== ENTRIES PROVIDED

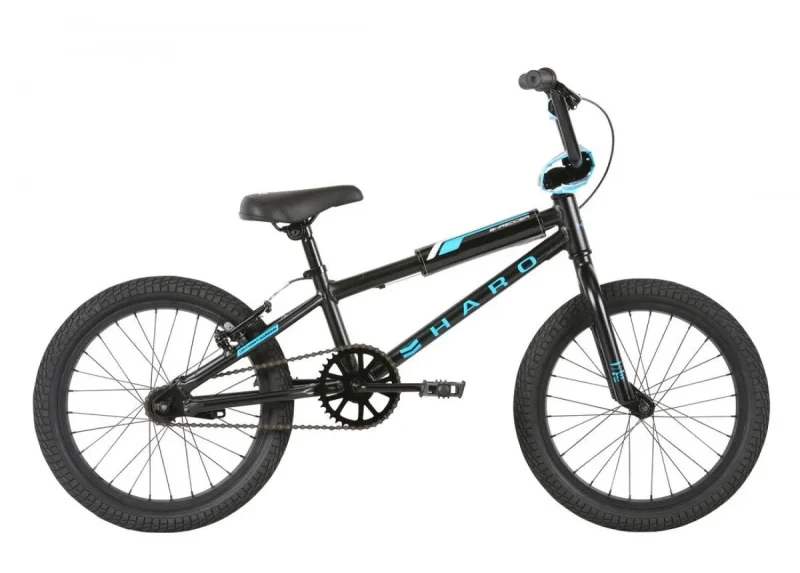 haro shredder 18 bmx bike matt black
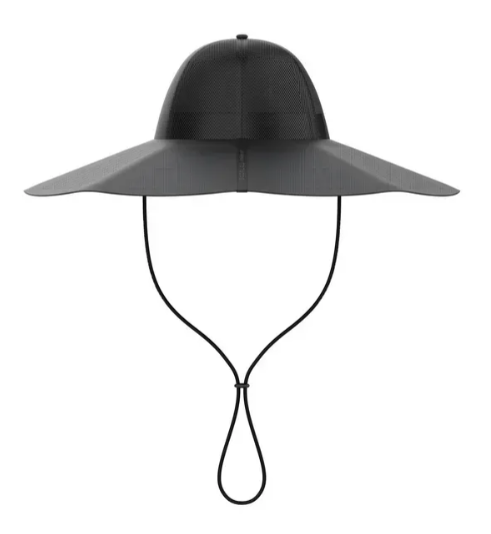 Сонячний капелюх EcoFlow Solar Hat 12W - Чорна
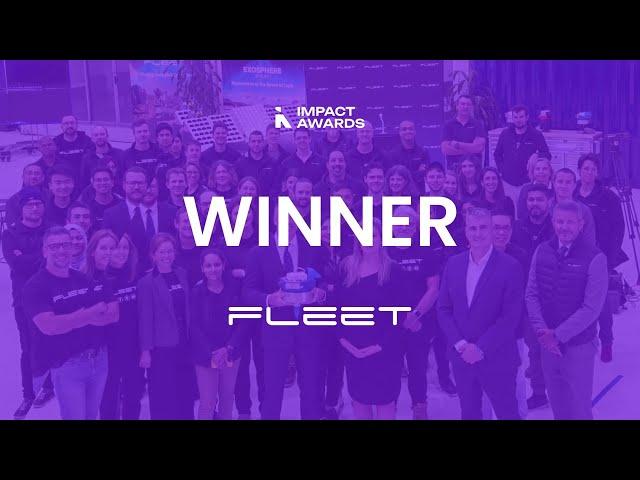 Impact Awards winner 2023 - Fleet Space Technology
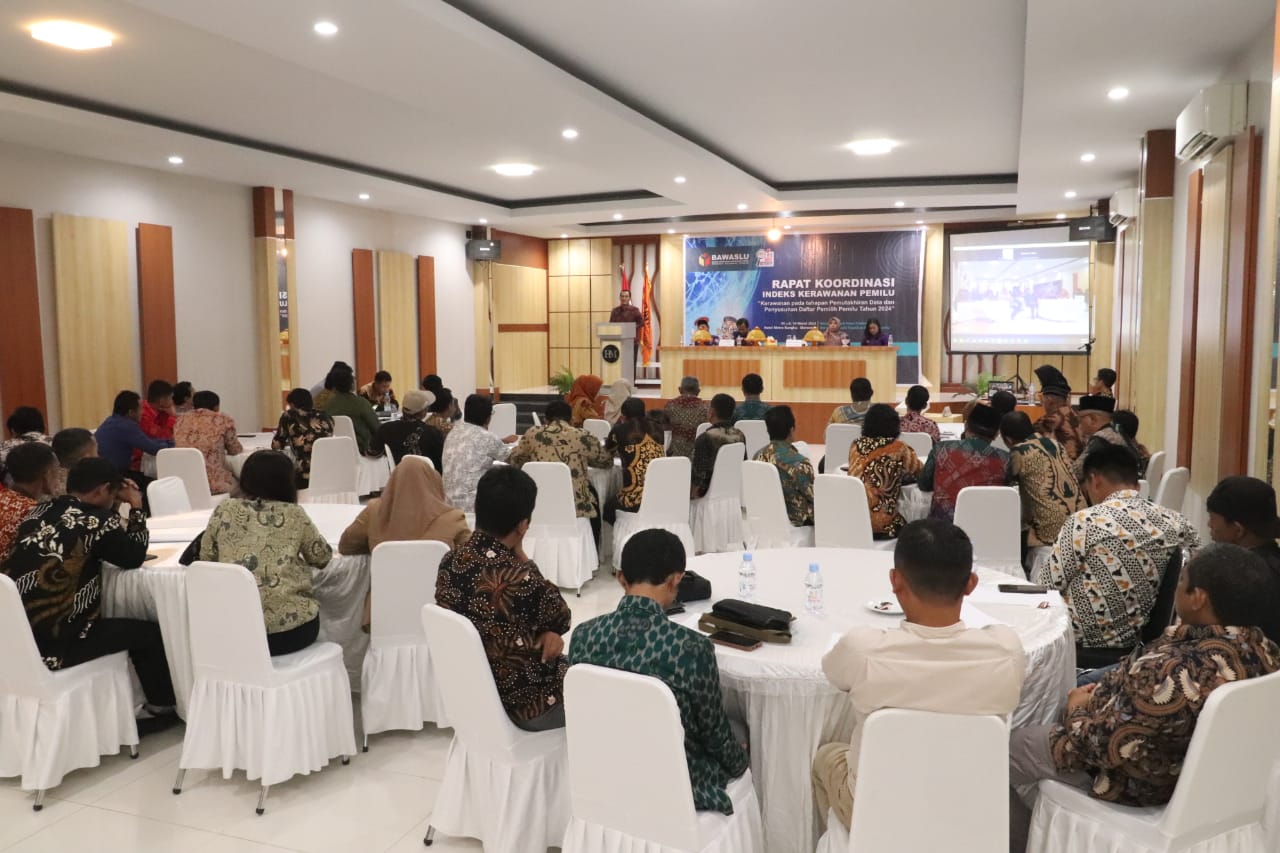 Bawaslu Sulteng Gunakan Dua Pendekatan ini Untuk Menegakkan dan Mengawasi Tahapan Pemilu 2024
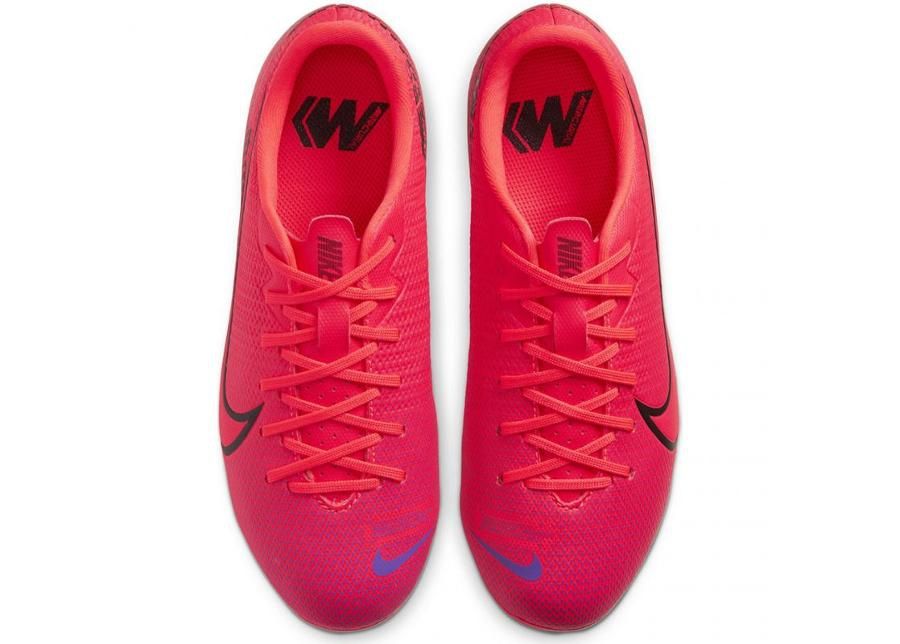Laste jalgpallijalatsid muru/kunstmuru Nike Mercurial Vapor 13 Academy FG/MG JR AT8123-606 suurendatud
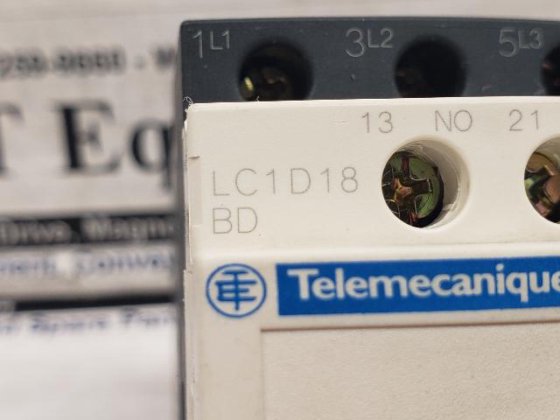 Telemecanique LC1D18BD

====

WHAT IS REQUIRED:
Would you transcribe exactly, and only, the lines from the one containing "Laste jalgpallijalatsid muru/kunstmuru" through the last line of the records above, both included, leaving out the pictures?

RESPONSE AREA:
Laste jalgpallijalatsid muru/kunstmuru Nike Mercurial Vapor 13 Academy FG/MG JR AT8123-606 suurendatud
 Telemecanique LC1D18BD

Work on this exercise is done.